START Material for this task

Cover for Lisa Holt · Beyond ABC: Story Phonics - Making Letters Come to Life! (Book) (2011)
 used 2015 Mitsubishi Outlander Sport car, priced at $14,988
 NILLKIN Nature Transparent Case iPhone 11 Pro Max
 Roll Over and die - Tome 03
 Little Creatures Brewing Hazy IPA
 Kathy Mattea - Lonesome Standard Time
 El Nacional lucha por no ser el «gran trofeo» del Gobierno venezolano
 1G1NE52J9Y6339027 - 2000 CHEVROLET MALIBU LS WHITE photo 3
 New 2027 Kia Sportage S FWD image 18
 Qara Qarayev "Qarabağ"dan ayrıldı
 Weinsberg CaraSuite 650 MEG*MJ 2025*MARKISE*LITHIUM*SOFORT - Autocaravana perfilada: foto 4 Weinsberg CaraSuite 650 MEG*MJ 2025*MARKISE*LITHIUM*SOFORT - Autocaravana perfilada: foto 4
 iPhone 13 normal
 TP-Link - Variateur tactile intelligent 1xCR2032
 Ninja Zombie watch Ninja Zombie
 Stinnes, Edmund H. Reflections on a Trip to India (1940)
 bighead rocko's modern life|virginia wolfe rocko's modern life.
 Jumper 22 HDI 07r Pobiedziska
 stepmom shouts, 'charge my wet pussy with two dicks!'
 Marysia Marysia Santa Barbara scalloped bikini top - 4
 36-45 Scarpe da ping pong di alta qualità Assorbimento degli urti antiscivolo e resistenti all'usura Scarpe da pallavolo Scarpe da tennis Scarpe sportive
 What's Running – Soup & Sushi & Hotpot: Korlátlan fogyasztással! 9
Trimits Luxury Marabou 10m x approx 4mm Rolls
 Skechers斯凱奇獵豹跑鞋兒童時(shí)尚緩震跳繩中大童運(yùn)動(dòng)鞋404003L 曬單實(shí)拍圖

END Material for this task

Every line from the one containing "bighead rocko's modern" to the end of the entries must be set down exactly, with none omitted and none added.

* Reply to the task:
 bighead rocko's modern life|virginia wolfe rocko's modern life.
 Jumper 22 HDI 07r Pobiedziska
 stepmom shouts, 'charge my wet pussy with two dicks!'
 Marysia Marysia Santa Barbara scalloped bikini top - 4
 36-45 Scarpe da ping pong di alta qualità Assorbimento degli urti antiscivolo e resistenti all'usura Scarpe da pallavolo Scarpe da tennis Scarpe sportive
 What's Running – Soup & Sushi & Hotpot: Korlátlan fogyasztással! 9
Trimits Luxury Marabou 10m x approx 4mm Rolls
 Skechers斯凱奇獵豹跑鞋兒童時(shí)尚緩震跳繩中大童運(yùn)動(dòng)鞋404003L 曬單實(shí)拍圖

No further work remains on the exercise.